Too much hay is made by fans and analysts about this. “We’re paying you as much as LeBron - Why aren’t you as good” syndrome is real, and it grates.

People will tell you that the Blake Griffin contract is too large to construct a viable team around, that such a contract renders a team “stuck,” and that improving from this non-playoff position will be too difficult for the Pistons.

I respond with a question: How do you kill a vampire?

How do you build a playoff team? ANY WAY YOU WANT.

There is no correct way.

Overpaying players does not preclude you from being in the playoffs. That’s not in the CBA, I checked. Overpaying guys is sub-optimal, but so is the internal combustion engine and the American health care system. Sub-optimal things are still USEFUL.

Blake Griffin is an extremely useful player to have on your team, and nothing I have seen in his time in Detroit points to him being not useful (when healthy) for the length of his contract.

Blake Griffin: The Player

Blake Griffin puts up numbers. He averaged 20 points, six rebounds, and six assists as a Piston, slashing 43/35/78 with a true shooting percentage of 53 percent, a 28.4 usage rate, and a 31.5 (!?!?) assist rate. This is going to sound obvious, and it is, but 20-5-5 guys do not grow on trees:

I didn’t cut off the image - That’s the list. The MVP, the best player in the league, the top two players on the best team in the league, last year’s MVP... and your Detroit Pistons’ Blake Griffin (and Boogie Cousins). The Pistons finally have a player who can absorb a large amount of possessions at something approaching relative efficiency - and he’s also an above-average passer and rebounder!

Here’s Blake’s shot plot for his time in Detroit:

Huh.
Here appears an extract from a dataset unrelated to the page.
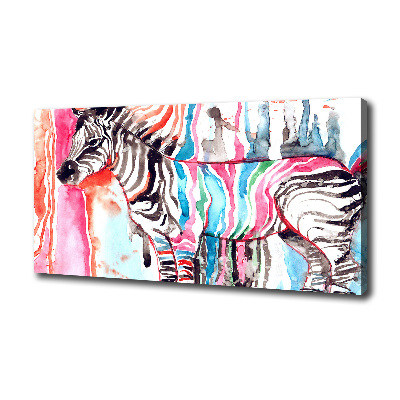Bild auf leinwand Buntes Zebra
All those bully-ball postups that look ugly (but go in) really do wonders for a guy’s percentages around the rim. Yes, this is a league that is obsessed with spacing (Griffin is a league-average three point shooter, btw), but you also have to let Blake do what he’s good at.

I call this “Tobias Harris could never:”

Tobias was a very, very good player. But, even at his absolute best, he never exerted his will on a team quite like Blake does here - and this is against the Rockets, one of the better defensive teams in the league. Is this pretty? LOL no - it’s an action repeated to brutal effectiveness. But since when do the Pistons care about pretty?

Stan Van Gundy believed in the Reggie Jackson - Blake Griffin - Andre Drummond core offensively, and it’s easy to see why. Although they started without Reggie, Blake and Andre developed some mutually beneficial chemistry as they played together more:

When Reggie returned, that trio only got to play four games together, and the Lakers game offered the clearest glimpse into Stan’s vision:

The threat of the Reggie/Andre PNR opening up space for Blake to shoot, followed by the Blake post-up drawing so much attention that it leaves Reggie wide open. Like Mike Snyder (who I stole all those clips from, thanks Mike) says, basketball is a simple game if you let it be.

Blake is not a perfect player, and he does not make the Pistons a perfect team. It is wholly probable that he does not play 70 games in a season ever again. I would love for him to spend another summer bumping up his three-point percentage. I would love for him to be a more efficient roll man (his Synergy numbers as a roll man in Detroit were... ugly). I would love it if a summer spent not rehabbing meant he regained some of the athleticism that was his calling card.

But Blake made the Pistons better, he makes the Pistons better as long as he’s on the floor, and there’s no reason to believe that will stop being the case anytime soon.